Work item:
Reproduce every entry exactly and leave its pictures out.

Available data:
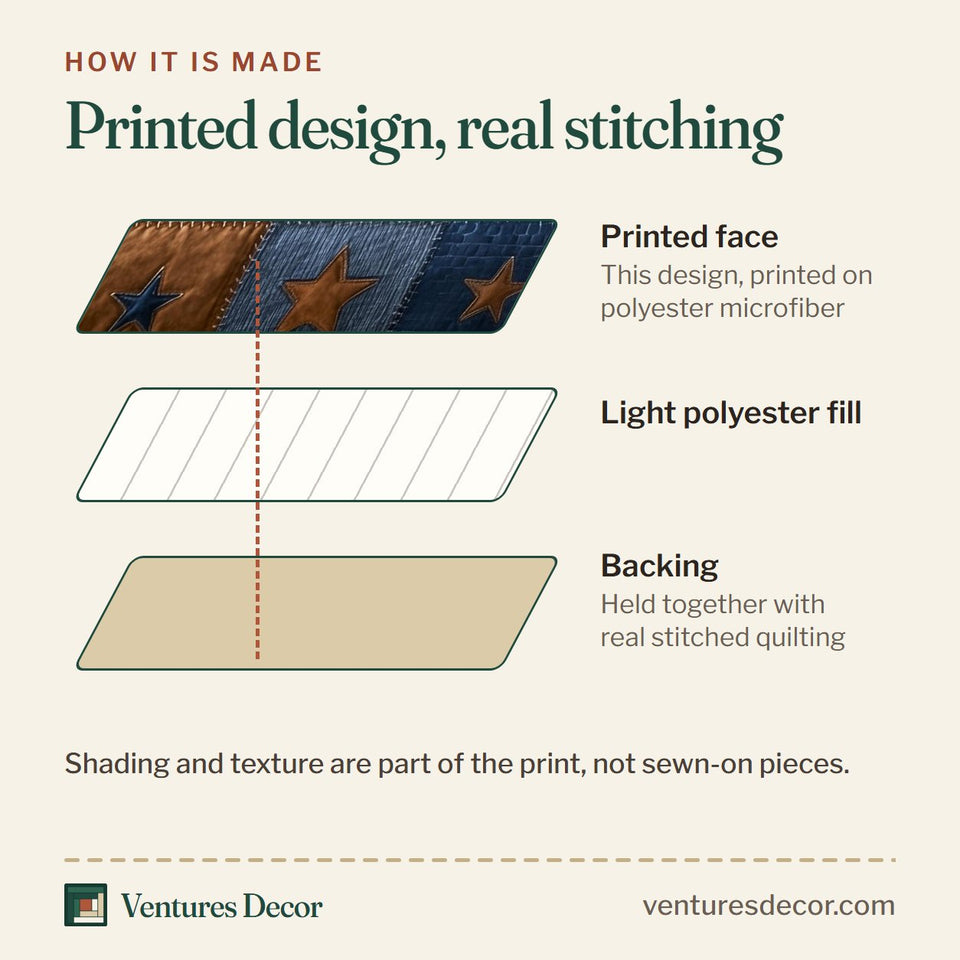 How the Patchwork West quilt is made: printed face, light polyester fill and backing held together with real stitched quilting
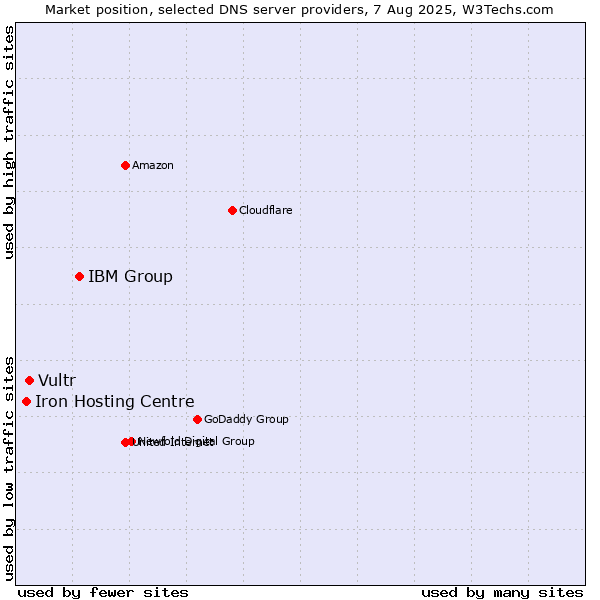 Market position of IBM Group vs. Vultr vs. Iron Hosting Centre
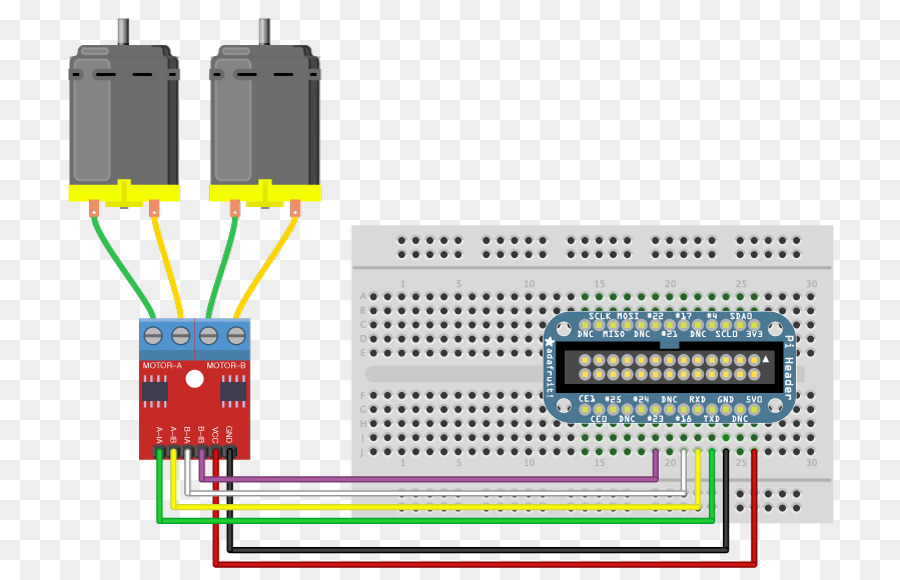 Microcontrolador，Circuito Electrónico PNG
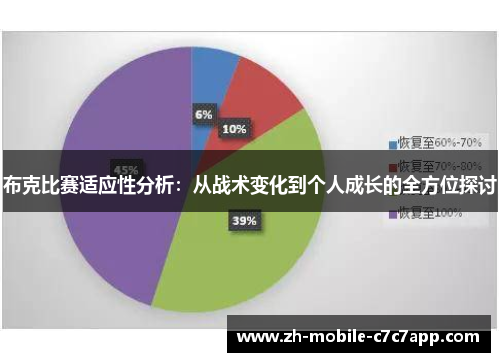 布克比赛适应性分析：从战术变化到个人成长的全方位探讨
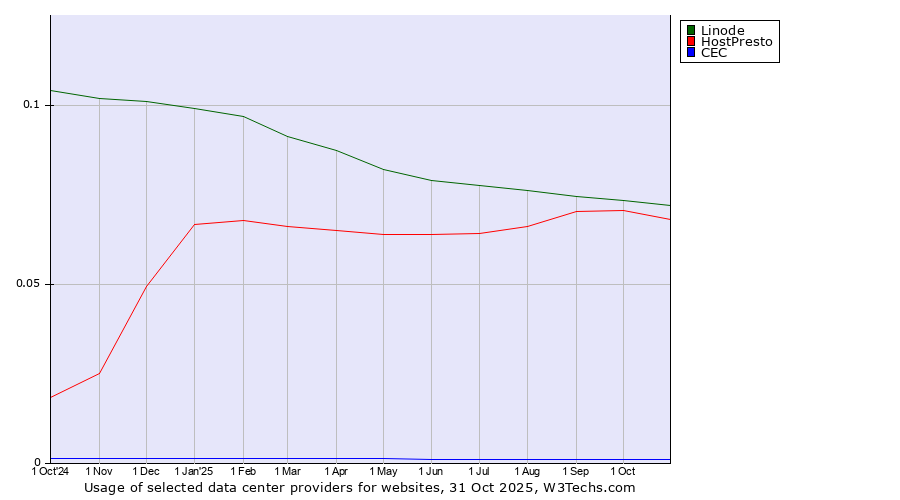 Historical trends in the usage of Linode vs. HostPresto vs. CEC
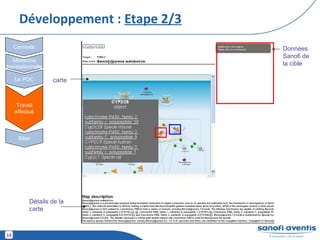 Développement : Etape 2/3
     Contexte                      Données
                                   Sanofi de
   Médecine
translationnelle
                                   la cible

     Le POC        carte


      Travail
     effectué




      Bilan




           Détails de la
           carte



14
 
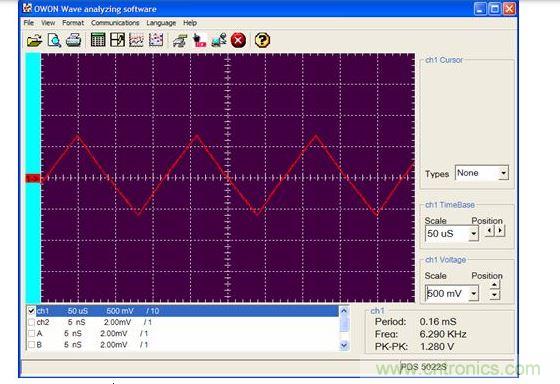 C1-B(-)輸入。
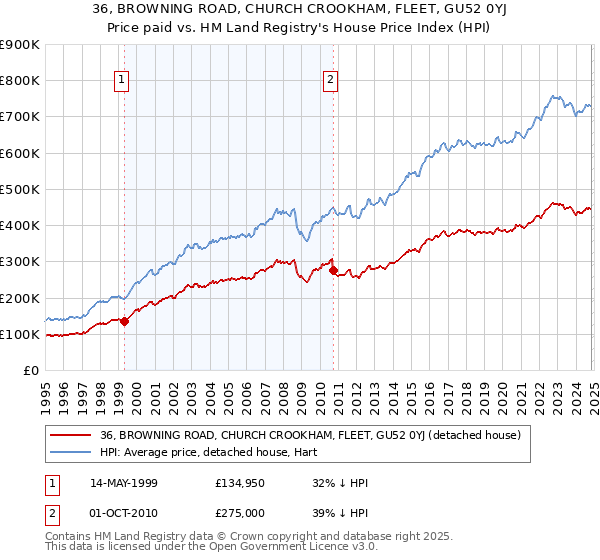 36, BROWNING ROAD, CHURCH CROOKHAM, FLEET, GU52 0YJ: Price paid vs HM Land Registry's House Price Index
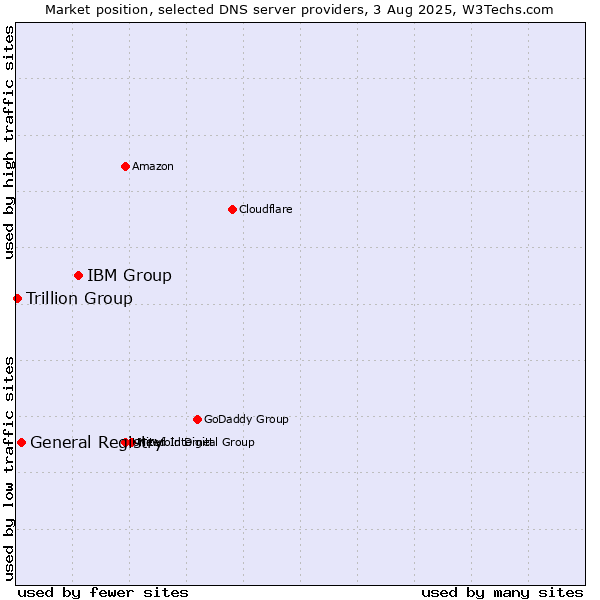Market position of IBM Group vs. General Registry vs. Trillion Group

Task output:
 How the Patchwork West quilt is made: printed face, light polyester fill and backing held together with real stitched quilting
 Market position of IBM Group vs. Vultr vs. Iron Hosting Centre
 Microcontrolador，Circuito Electrónico PNG
 布克比赛适应性分析：从战术变化到个人成长的全方位探讨
 Historical trends in the usage of Linode vs. HostPresto vs. CEC
 Développement : Etape 2/3
     Contexte                      Données
                                   Sanofi de
   Médecine
translationnelle
                                   la cible

     Le POC        carte


      Travail
     effectué




      Bilan




           Détails de la
           carte



14
 
 C1-B(-)輸入。
 36, BROWNING ROAD, CHURCH CROOKHAM, FLEET, GU52 0YJ: Price paid vs HM Land Registry's House Price Index
Market position of IBM Group vs. General Registry vs. Trillion Group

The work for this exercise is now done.